I was recently part of a panel at #SRECon, where I shared my thoughts on how to onboard Site Reliability Engineers (SREs). For those who missed it, I’m sharing what I discussed for those who are either considering joining an SRE team or are actively onboarding/managing SREs.
I graduated from a program called Digital Futures, where I studied game design, programming installations and wearable tech. After working for a bit in the design industry, I decided I wanted to be programming instead. When I started at CircleCI, I was a Junior DevOps engineer, handling scaling and daily server maintenance.
The job didn’t require in-depth technical knowledge or programming skill, but it did require learning quickly and adapting to a changing environment. In fact, it’s worth listing the non-technical qualities of a potential SRE:
What to Look For in a Potential SRE
- Curious: Pokes things and takes them apart. Researches topics and asks questions.
- Determined: Sees tasks through against all odds.
- Self-taught: Reads books/documentation and experiments with tools.
- Adaptable: Has a positive attitude towards change. This job constantly changes.
- Automates: Creates systems (not necessarily technical) to solve repetitive problems and increase efficiency.
- Calm: Works well under pressure or emergency situations.
All these qualities are what make an SRE thrive in their environment and get up to speed quickly.
Getting Up to Speed As An SRE
Read the docs and revise them. By editing them and finding errors, you’ll be filling in gaps in your own knowledge. Sometimes these docs won’t exist. In those cases, make them. Don’t worry if you don’t understand everything; that comes with time.
Attend meetings and listen to how people speak about systems and concepts. Get the lingo down so you’re not tripping over terminology. Take notes to reinforce your learning.
Poke around and ask questions. Don’t be afraid to ask what a script does or why it’s being run. Don’t ask questions at bad times, like during an incident or when everyone’s gone home for the day or on holidays.
For Your Manager
Pair program with your new SRE and encourage them to shadow experienced engineers. A new engineer will learn much more quickly with a real human on real projects than by reading docs.
Make sure your team keeps the docs up to date. You won’t always be able to spare the engineers for a pairing session, so it’s important to have context and details available elsewhere.
Give manageable projects with clear goals. Open-ended projects can be intimidating to new engineers who don’t know the codebase. Structure is your friend.

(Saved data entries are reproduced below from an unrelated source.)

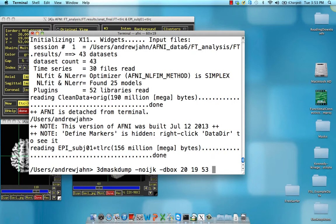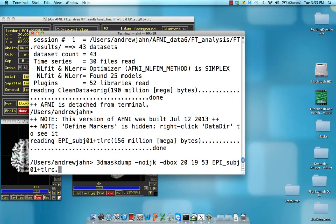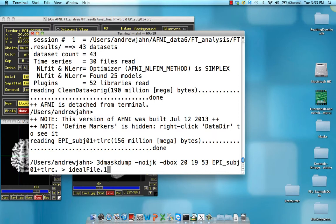And we are going to give it this, let's see here, epi subject 01 as an input. And we're going to redirect it to an ideal file, idealfile.1d.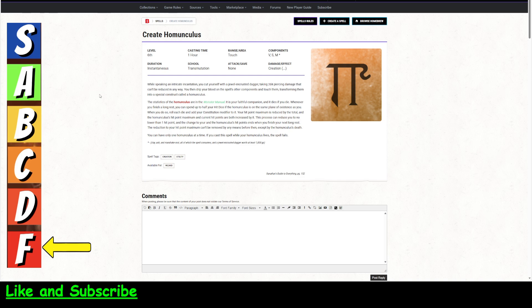So speak the incantation, cut yourself with the dagger, take some damage, and you drip the blood on the spell components. You touch them, and they transform into this special construct called a homunculus. So the statistics of the homunculus are in the Monster Manual. We're going to look at those. It is faithful, and it dies if you die.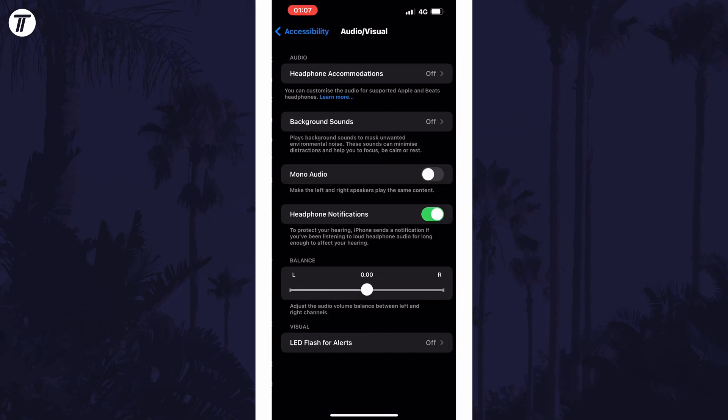Now look down this page and there should be an option called mono audio. All you need to do is use the toggle switch next to it to enable or disable mono audio on your device.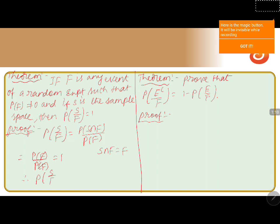Therefore we can say that P(S|F) equals one. Now we'll discuss the next small theorem: prove that P(E'|F) equals one minus P(E|F). We can use the result we just proved — that P(S|F) equals one — and apply it here.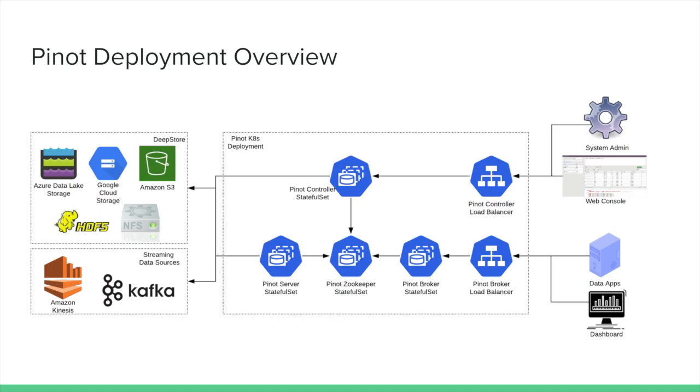Here is a very high-level Pinot deployment on Kubernetes. If you take a look at the middle part of this slide, we are basically using a stateful set for all Pinot components, as well as ZooKeeper. A stateful set is a workflow that the API outputs to manage your stateful applications in Kubernetes. In terms of the container configuration, it provides a very stable and unique map of identifiers, as well as stateful and persistent storage volume.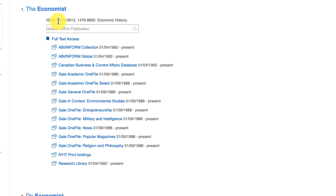And that is how to search for full-text periodicals, magazines, newspapers, and journals at New York Tech libraries.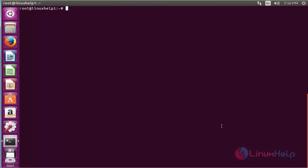For installing Linphone on Ubuntu 16.04, first you need to add the repository. For that command add-apt-repository ppa:linphone/release and press enter.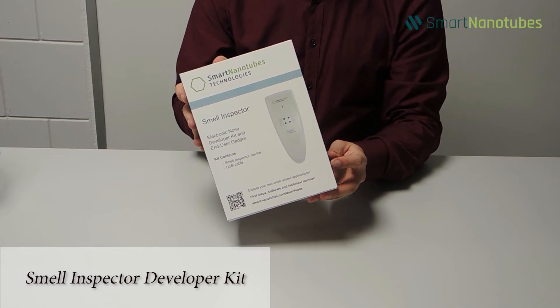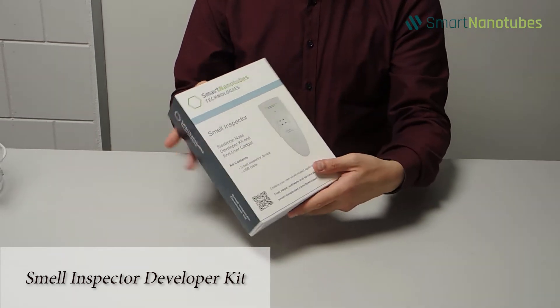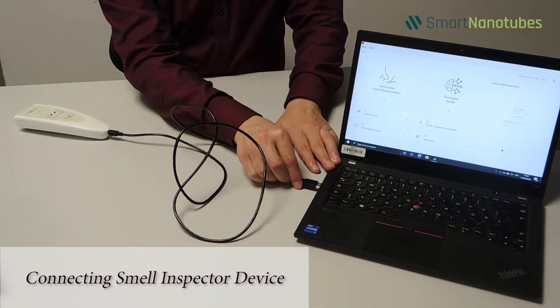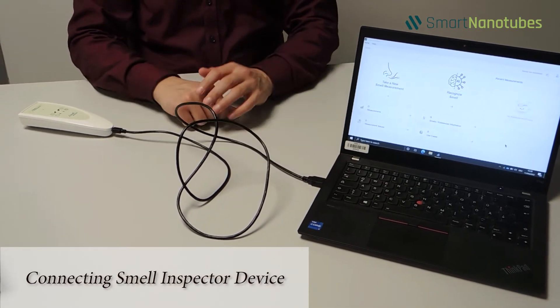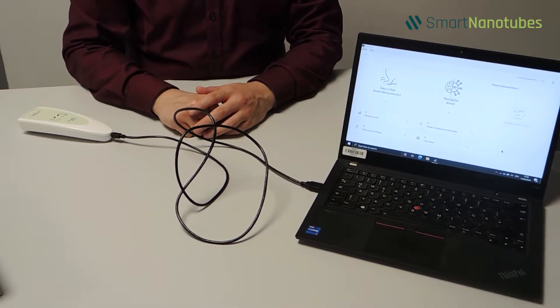Welcome to the Smell Inspector Developer Kit Video Guide. Now connect the device to the computer via USB or the mobile app via Bluetooth.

Gradually introduce SREs to being on call. Have them shadow other SREs while they put out fires. Next, let them do it themselves with other SREs on standby. Finally, let them have the full responsibility, with mentorship as needed.
For Your Teammates
Don’t give answers to the new SRE person. Ask leading questions and allow them to arrive at conclusions on their own. These memories and lessons last longer.
Show them where to look. If there are helpful docs that aren’t obvious, point them out. Showing them the process of finding information at your org is helpful as well.
Have your new SREs go through the docs. Fresh eyes means fresh finds, and they’ll learn about the product as they correct mistakes and fix holes.
Don’t assume they know what you’re talking about. Define concepts, terminology or jargon that are unique to your organization. Confirm their understanding by asking them if things make sense. If they’re not asking questions, it’s too easy or too hard. Figure out which.
Don’t dump knowledge. Talk about why you’re sharing something and how you learned it. Don’t expect your new SRE to remember everything on the first try.
Explain your escalation policies. Keep them airtight by ensuring you have redundancy and multiple backup contacts.
Share war stories. Knowing the CTO took all of production down for more than 24 hours and still has a job can be extremely comforting to a new SRE.
More detail is preferable. It gives a new SRE the chance to say, “I already know that,” instead of “I don’t understand a single word you just said, can you start over?” It’s a small way to give them a confidence boost and keep them motivated.
Thinking About Failure
Since risk is always present, it helps to define how your organization thinks about it. We think that:
Post-mortems should be blameless. Most incidents involve many factors; pointing fingers doesn’t help find them.
Mistakes should be congratulated. This means your new SREs are learning!
War stories are badges of honour and should be worn with pride. Share these stories freely. This will help new SREs understand that:
- Failure happens.
- Failure will happen on your watch.
- You need to be prepared to deal with failure when it happens.
- You will still have a job when you fail.
Onboarding an SRE is really not that different from onboarding a vanilla software engineer. There’s just more risk and thus more fear. Hopefully these best practices and info will help you, whether you’re looking for potential hires, starting an SRE role, or helping someone else start theirs.
Huge thanks to Ruth Wong for organizing the panel and thanks to @lizthegrey and @jennski for tweeting about what we discussed.